### WHAT NEEDS TO BE DONE:
Lines with "that" in them are to be located in the listing below and copied.

### SOURCE MATERIAL:

::::

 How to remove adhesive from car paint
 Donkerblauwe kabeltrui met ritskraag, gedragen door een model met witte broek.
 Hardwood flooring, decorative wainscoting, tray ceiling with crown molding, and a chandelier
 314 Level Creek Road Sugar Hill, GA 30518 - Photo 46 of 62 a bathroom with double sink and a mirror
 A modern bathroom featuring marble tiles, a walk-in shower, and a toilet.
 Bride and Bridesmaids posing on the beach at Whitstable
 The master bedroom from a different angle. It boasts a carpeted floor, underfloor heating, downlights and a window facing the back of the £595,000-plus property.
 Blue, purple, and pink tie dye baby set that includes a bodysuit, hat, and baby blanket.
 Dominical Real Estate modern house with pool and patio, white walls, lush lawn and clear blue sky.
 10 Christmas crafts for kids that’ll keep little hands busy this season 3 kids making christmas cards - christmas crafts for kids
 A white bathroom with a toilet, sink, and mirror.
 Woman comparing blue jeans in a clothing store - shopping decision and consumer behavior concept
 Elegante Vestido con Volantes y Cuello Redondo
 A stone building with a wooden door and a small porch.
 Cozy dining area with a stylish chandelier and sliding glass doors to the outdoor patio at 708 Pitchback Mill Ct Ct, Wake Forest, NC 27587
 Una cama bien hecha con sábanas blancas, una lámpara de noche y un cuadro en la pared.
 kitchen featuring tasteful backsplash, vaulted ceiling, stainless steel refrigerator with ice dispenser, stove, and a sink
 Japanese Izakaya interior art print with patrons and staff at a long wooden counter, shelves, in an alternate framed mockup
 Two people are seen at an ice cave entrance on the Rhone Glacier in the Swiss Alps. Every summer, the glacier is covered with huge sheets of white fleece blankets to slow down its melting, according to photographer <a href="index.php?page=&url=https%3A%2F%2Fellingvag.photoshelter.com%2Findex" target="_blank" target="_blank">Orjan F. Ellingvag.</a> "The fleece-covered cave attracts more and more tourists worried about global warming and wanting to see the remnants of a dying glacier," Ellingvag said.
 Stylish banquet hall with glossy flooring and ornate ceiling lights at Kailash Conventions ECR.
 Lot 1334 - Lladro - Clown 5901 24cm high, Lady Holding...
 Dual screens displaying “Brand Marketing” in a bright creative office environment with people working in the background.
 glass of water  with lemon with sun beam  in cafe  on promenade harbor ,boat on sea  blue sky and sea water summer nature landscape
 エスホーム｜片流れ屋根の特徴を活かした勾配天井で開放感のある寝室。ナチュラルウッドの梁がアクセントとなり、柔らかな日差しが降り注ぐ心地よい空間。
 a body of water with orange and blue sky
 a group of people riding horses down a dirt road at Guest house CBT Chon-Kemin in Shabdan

::::

### EXPECTED OUTPUT:
 Blue, purple, and pink tie dye baby set that includes a bodysuit, hat, and baby blanket.
 10 Christmas crafts for kids that’ll keep little hands busy this season 3 kids making christmas cards - christmas crafts for kids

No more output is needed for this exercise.